Tower cleared me to land on the left runway, which is a few thousand feet longer. Much to the dismay of a student whose need to land was at least as great as my own, the right runway being fouled by a drag chute, and hizzoner being low fuel state as he subsequently admitted under protest when he was asked to go-around and make room for me. But based on the timing he was now second in line for special handling. There’s a good man, wait your turn and ‘fess up first in the future. I hope you’ve learned something from this.

I was already pretty low on fuel myself, so I didn’t need to burn down gross weight. Flew about as slow as I could without risking a tail strike or hard landing, she does not like to fly slow. Still about 185 knots in the round-out. With no drag chute the book calls for aerobraking until 130 knots, and judicious use of the wheel brakes from that point on, balanced across the length of the runway remaining. You’re a long time holding the aero-braking attitude with no chute. You go  by a lot of runway. Depending upon headwinds or tailwinds and runway length, one might even shut the engine down to reduce residual thrust.

I didn’t in the event, but the brakes – and anti-skid – got a pretty good workout. When I taxied back to the line the maintenance guys told me to go away for 10 minutes. Just in case the brakes might, you know: Catch fire. Which they didn’t, so no harm done.

It’s funny how quickly you can go from “comfort zone” to “wrestling snakes” in this business.

But even snake wrestling beats life in the cube, for me at least. In measured doses.

Share

167 comments to Streamer

  • Navy_Flyer

    Like all of you, my morning ritual always started with a read of Lex’s blog over a cup o’Joe. A brother in arms and in peace – his writing style was unique and expressly Lex, always bringing a smile to my face even when he was explaining the potential awshit he just averted. I am really saddened and cannot add any words that make the hurt any less. He was a true patriot, a hero for continuing to hone the skills of the fledlings thru his wisdom and hours behind a stick – a giver. God Bless Lex. So Long for Now. Stand down and rest – you deserve it.

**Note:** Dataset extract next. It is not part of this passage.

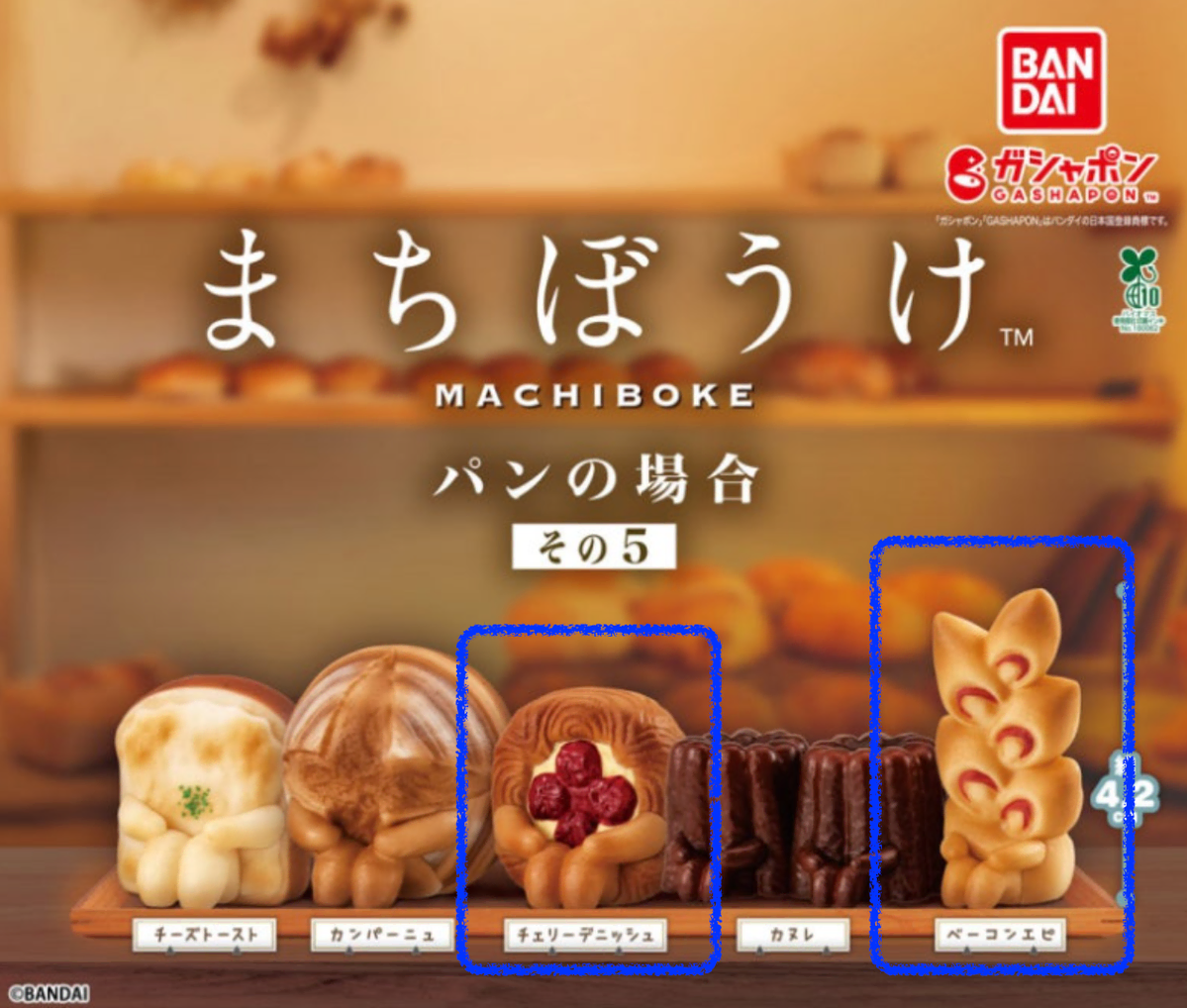 마치보우케 빵의경우 2종 일괄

  • [...] A thread on his blog which was opened for condolences, and a less formal one which was taken over by them when the bad news first came. [...]

  • SJBill

    I checked in at this post last evening before heading for home and felt a thud inside me.
    We’ve met but a few times. I had my last Guinness with Lex before having to give it up for life a few years back.
    To Lex’s wife, two daughters and son, our family shares your loss.

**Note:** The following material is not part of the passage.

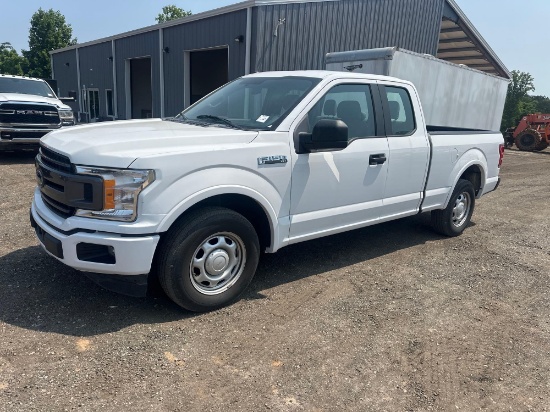 2018 FORD F150 XLT SUPER EXT CAB PICKUP TRUCK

  • [...] His last post at the blog was a bit eerie but pretty much stated his philosophy best when it came to what he was doing.  He’d had a drag chute malfunction on landing and had to “wrestle snakes”, as he put it, for a bit before finally landing the aircraft safely. When I taxied back to the line the maintenance guys told me to go away for 10 minutes. Just in case the brakes might, you know: Catch fire. Which they didn’t, so no harm done. [...]

  • [...] His last post at the blog was a bit eerie but pretty much stated his philosophy best when it came to what he was doing. He’d had a drag chute malfunction on landing and had to “wrestle snakes”, as he put it, for a bit before finally landing the aircraft safely. When I taxied back to the line the maintenance guys told me to go away for 10 minutes. Just in case the brakes might, you know: Catch fire. Which they didn’t, so no harm done. [...]

  • Dbie

    I can’t get past the irony of the words he chose to begin this post: I suppose it had to happen eventually.

    damn it.

  • Stephen

    I am stunned. My friend is gone.

  • @Homefront. Thanks for the kind thoughts. Xo

  • olga

    RIP; damn it, Lex…
    My thoughts and prayers to his wife and children. May Lord give you all strength and comfort in this trying time.

  • Scott

    Fair winds and following seas, Captain.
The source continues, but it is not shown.